Agents targeting IL-6, such as sarilumab, ALX-0061, sirukumab, MEDI5117, clazakizumab, and olokizumab [33], are all in different study plans and stages for the treatment of RA. Of these, sarilumab and ALX-0061 differ from tocilizumab in structure and affinity. Sarilumab is the first human monoclonal antibody against IL-6Rα, and a phase III clinical trial is underway. According to the results from a clinical trial, the number of patients who achieved an ACR20 improvement was higher in the group that received sarilumab 150 mg weekly than in the group that received placebo [34]. Clinical trials comparing the efficacy of sarilumab versus tocilizumab, and sarilumab versus etanercept plus methotrexate, are currently underway [33]. Sirukumab is also not currently commercially available in the USA, but has been used in RA and is undergoing phase III clinical studies [33]. The clinical efficacy of sirukumab has been suggested in a phase II clinical study (SIRROUND-D) that showed significant improvement in most evaluation criteria, including ACR50, Disease Activity Score (DAS), and clinical disease activity index [35].

Although some 30 kinase inhibitors have been approved for therapeutic use, it was only in November 2012 that the first kinase inhibitor (tofacitinib) was approved for the treatment of an inflammatory disease [3842]. The other JAK inhibitors currently in clinical development include JAK1 and JAK2 (baricitinib), JAK1 and JAK3 (peficitinib), JAK3 (decernotinib), JAK1 (filgotinib, INCB-039110, ABT-494, and INCB-047986), or JAK2 (AC-410). Baricitinib inhibits JAK1/2. In a phase II study, 301 patients with moderate to severe RA despite methotrexate were treated with baricitinib (1, 2, 4, or 8 mg) once daily on background methotrexate therapy. Baricitinib produced a highly significant improvement in the ACR20 response at the two highest doses. The combined data from these doses showed a 76 % response, highly significant compared with the 40 % response of the placebo group, with effects evident after 2 weeks of treatment. The two highest doses also produced significant improvements in the ACR50 and ACR70 response rates [37]. Vertex decernotinib (VX-509) is a selective JAK3 inhibitor in clinical development. A phase IIb study used both once- and twice-daily dosing in 350 RA patients poorly responsive to methotrexate. Results showed an improvement of ACR20, ACR50, ACR70, and DAS28 values with the higher doses [43].
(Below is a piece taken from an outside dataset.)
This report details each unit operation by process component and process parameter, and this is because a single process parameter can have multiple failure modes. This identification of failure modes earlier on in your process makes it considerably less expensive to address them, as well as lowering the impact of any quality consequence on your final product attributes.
Secukinumab, an anti-IL17A monoclonal antibody, is FDA approved for psoriasis, and studies have demonstrated its efficacy in PsA [5558].

8 Conclusions

Advances in the understanding the mechanisms of inflammation and autoimmunity have translated into drug development. Biologic treatments have modified the natural history of JIA, improving the long-term outcome. Fortunately, images of children with destructive arthritis, severe joint deformities, growth retardation, or disability are quickly becoming history and reminders of just how far we have come.

In previous decades, high-quality research studies in children were scanty, and data largely came via extrapolation from adult studies. The creation of pediatric rheumatology research groups (e.g., PRINTO [Paediatric Rheumatology International Trials Organisation] and CARRA [Childhood Arthritis & Rheumatology Research Alliance]) has enabled the development of larger, multicenter and international studies to be conducted, providing more accurate efficacy and safety evidence. Anti-cytokine drugs have revolutionized the treatment of JIA. Small molecules and biosimilars represent new areas of interest and, while the majority are not yet commercially available for use in children, preliminary studies appear promising.

The achievements obtained in physical and functional outcomes of children with JIA not only positively impact their quality of life, but also the lives of their families, resulting in fewer missed days from school and work. Hopefully, with research in basic mechanisms of the disease and predictors of outcome, we will be able to tailor treatment to individual patients, with the aim of obtaining rapid remission while avoiding unnecessary treatments.